It’s Certainly a Thrill: Welcoming a New Prayer Book
Rabbi Donald P. Cashman
B’nai Sholom Reform Congregation, Albany, NY
Rosh Hashanah Eve 5778 – September 20, 2017
Good evening, good Yontif. It’s certainly a thrill to be using this new prayer book, Mishkan haNefesh. It’s a once-in-a-generation event! The last time Reform Judaism published a new mahzor was in 1978, and before that was in 1945. I’m grateful to all who provided insight, opinion, and judgement while we were considering the book: the Ritual Committee, participants in a class, attendees at town meetings, some reviewers, our Board of Trustees who actually made the decision, and to the nearly half of the congregation that generously contributed to our campaign for these books.
The changes from 1945 to 1978 seem to be pretty modest when compared to what we’ll experience with this new liturgy. In 1978 we jettisoned the archaic pronouns “Thee, Thou, & Thine” and archaic verb forms such as “Doest, sayest,” and my favorite, “withereth.” We took a hold of gender inclusion for humanity, though a gender-neutral God would not appear until the 1996 minor revision. Our new volumes use exciting, invigorating translations. The options and alternatives are moving and enlivening; they make us think, and wonder. We won’t be able to read them all, so I hope you’ll come a little early to read through some of the blue and gray pages. Do us a favor, please, and don’t just walk off with a copy. If you want to borrow one, speak to me after Yom Kippur.
After selecting the readings, I began to consider a big question, which I have carefully and creatively formulated as “Why is this prayer book different from all other prayer books?” What motivates a new prayer book? How much is a new mahzor a mirror of the mood and mindset of the moment, and of our movement? Our prayer books, I believe, are created by people whose sensitivities, ideas, and theologies are shaped by the transformational events of the times. How much is a prayer book a product of the cultural touchstones of its editors, and its anticipated audience? How do temporal and cultural icons become significant in our worship? How does history impact our High Holy Days? Indeed, the whole reason we are praying is a response to geo-political circumstances: the first-century Judeans rebelled against Rome, so the Romans destroyed the Temple in Jerusalem, so sacrifices ceased and prayer was substituted.

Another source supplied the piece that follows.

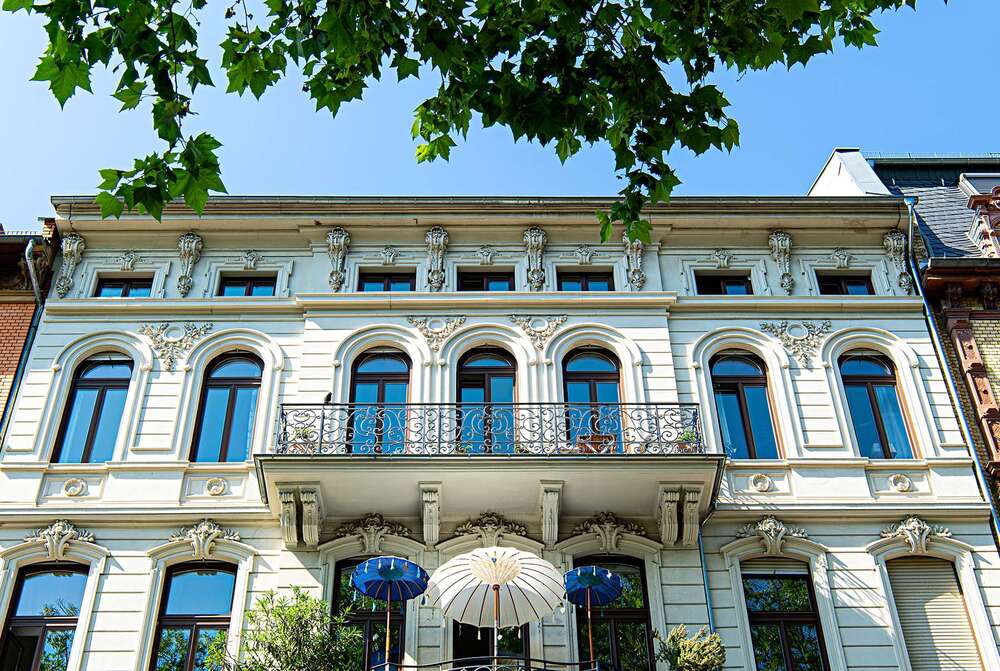 Thumbnail-Wohnung zum Kaufen in Wiesbaden Wiesbaden Mitte 749.000,00 € 156 m²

Our old prayer book, Gates of Repentance, was crafted by and for people who had witnessed the birth of the State of Israel. We were beginning, just beginning, to appreciate the establishment of the Jewish State as a modern miracle, an event to be spoken of with theological importance. I was living in Israel at the time the book was published, and the focus was still on survival, as Israel’s existence had been threatened and challenged from the start, with the memories of wars in 1967 and 1973 still fresh, and the incursion in Lebanon while we were there.
The Holocaust also shaped their theology and teachings. They had seen the rise of the Third Reich. They could not forget the horrors, the martyrs, the uprooted, the survivors, the vanished Eastern European Jewish culture, the failure of the western civilization, the silence of the world; they remembered the refugees, and the destruction of Hiroshima, too. They made sure that we would remember them, as well as the three million Jews who were silenced behind the Iron Curtain after the war.
Israel and the Holocaust are just the Jewish touchstones of significance when our old book was put together. Exactly a month ago, as I was writing these words, the CCAR issued a news release that it was not going to co-sponsor an annual pre-High Holy Days phone conference call with the President of the United States. I’d been one of the several hundred American rabbis on these calls for the last 8 years, and it was always a thrill to have Barack Obama wish you a “L’shana Tovah.” The news release stated that “The President’s words have given succor to those who advocate anti-Semitism, racism, and xenophobia.” Now that word “xenophobia”: fear of strangers – I first encountered that word in Gates of Repentance, when they needed, for an alphabetical list of sins, a sin that began with the letter X. It’s a good sin, well not a “good sin,” but a legitimate sin that some or even many of us could be guilty of. We could easily see why rabbis creating a prayer book in the 1970’s would include that as a sin: they had lived through the hey-day of Civil Rights movement. They had marched in Selma, sat at lunch counters in Greensboro, and gone to jail in Birmingham. The editor had been a Freedom Rider. One of my colleagues, the son of a rabbi, wrote a few years ago about one Shabbat dinner at his home as a boy when the Shabbat guest was the Rev Dr. Martin Luther King, Jr.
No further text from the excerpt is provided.